Complex Dynamics and Effects of Memristive Load Using Current-Mode-Controlled in Buck Converter

Alain Soup Tewa Kammogne,¹Edwige Mache Kengne,¹Sundarapandian Vaidyanathan,²Hilaire Bertrand Fotsin,¹and Thomas Tatietse Tamo¹

Academic Editor: Anibal Coronel

Received31 Mar 2022

Revised13 May 2022

Accepted24 May 2022

Published13 Jul 2022

Abstract

Electronic power converters are in a state of exhibiting some complex features which can be influenced by the converter’s structure parameters and load, as well as its pulse period. In this paper, we propose to investigate these phenomena occurring in the dc/dc buck converter by carrying out the dynamics of the said system when it exhibits the fingerprints of frequency-dependent pinched hysteresis loops. The essential part of this study is consecrated to the nonlinear dynamics when the converter load is memristive. Under two kinds of switch states, the independent nonlinear models and equations are derived which provide a complete dynamics description of the system under investigation. The dynamics analysis is performed by making use of bifurcation tools, phase portraits, and two parameters Lyapunov diagrams showing that the system depicts very rich and striking behaviors such as periodic orbits, period-doubling bifurcation, quasiperiodicity, chaos, and pinched hysteresis loops of the memristive load. Finally, the numerical simulation results are in almost perfect agreement with the analog result obtained with PSIM. The results obtained in this work have not yet been reported in the literature to the best of our knowledge and thus deserve dissemination.

1. Introduction

Dc/dc power converters are considered as the most vital empowering devices of electrical and electronic engineering as they act as a buffer between a power source of electronic equipment and a load [1]. These devices are used to convert an unregulated dc voltage to a regulated or variable dc output voltage by stockpiling the input energy momentarily and debit the energy to the output stage to ensure adequate current and voltage regulation. They are also known to have a significant variety of complex nonlinear behaviors such as subharmonic oscillations bifurcation phenomena that can lead to chaotic phenomena, and period-1 oscillations, due to switching actions and feedback control. We recall that the nonlinear dynamics have been experimentally observed in different types of dc/dc buck converters where there are a series of modulation strategies, such as current-mode control [2, 3], voltage-mode control [4, 5], PWM voltage-current hybrid control [6–10], hysteresis-current or -voltage control [10, 11], one-cycle control [12, 13], and model predictive control [14–16]. Unfortunately, the nonlinear switching of power converters can put their stability at risk and make them prone to exhibit various nonlinear instable phenomena. This can have harmful effects on the converter since stability and efficiency are two fundamental criteria for the design of these converters. It is therefore imperative to understand and establish the mechanism of formation of various complex phenomena occurring in the buck converters when the circuit parameters, circuits topologies, control schemes, and load change.

Many researchers investigated the dynamic analysis of dc/dc converters according to the system parameters and loads in the literature.

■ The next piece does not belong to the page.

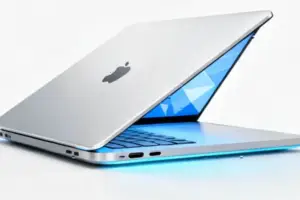 Apple's Chromebook Killer: Finally For Real This Time? - Professional coverage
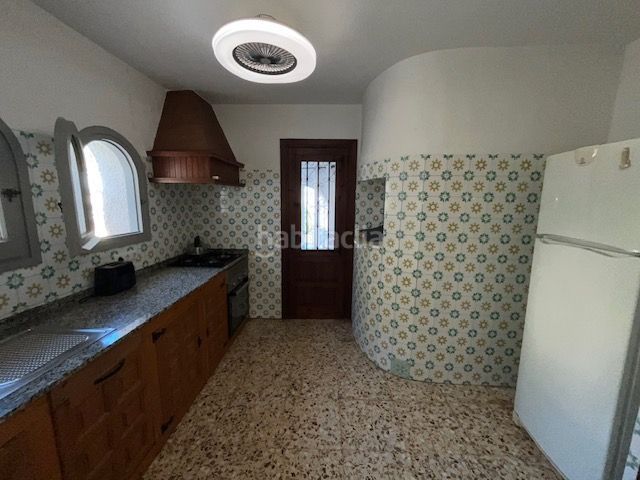 Foto bf8a5e71-2a35-4514-9af7-61b36d0796b8. Casa a Maryvilla Calp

Several types of load are reported such as capacitive voltage load [17–19], the linear load [20–24], and the constant current load [25, 26]. The complete dynamic of the dc/dc converter is determined by the type of the load which leads to various complex phenomena with respect to different switching modes. For the sake of brevity, we mention the chaos issue, quasiperiodicity, and some stringent behavior such as the coexistence of attractors and pulse bursting, etc (the reader is referring to References [17, 19, 27] and the references therein). Other important characteristics such as chaos transition in buck-boost [28] and hidden attractors in multilevel dc/dc converters have been investigated by Zhusubaliyeu and Wang [29], respectively. The dynamic modeling and analysis of the bidirectional dc/dc boost-buck converter for renewable energy applications were presented by Spier et al. [30], while Kamal and coworkers developed a buck-boost converter small signal model: dynamic analysis under system uncertainties [31]. Recently, the study of complex dynamics in dc/dc boost converter with dspace-based real-time controller is presented by Ghosh et al. [32]. Another relevant work is proposed by Mandal et al. in which the modeling and analysis of complex dynamics for dspace controlled closed‐loop dc/dc boost converter is investigated. Despite extensive investigations on the complex behavior of the basic dc/dc topology converters over the past decade [33], such phenomena in the resonant dc/dc converters with memristive load issues remain largely unexplored in the buck converter which still remains challenging and thus deserves more dissemination.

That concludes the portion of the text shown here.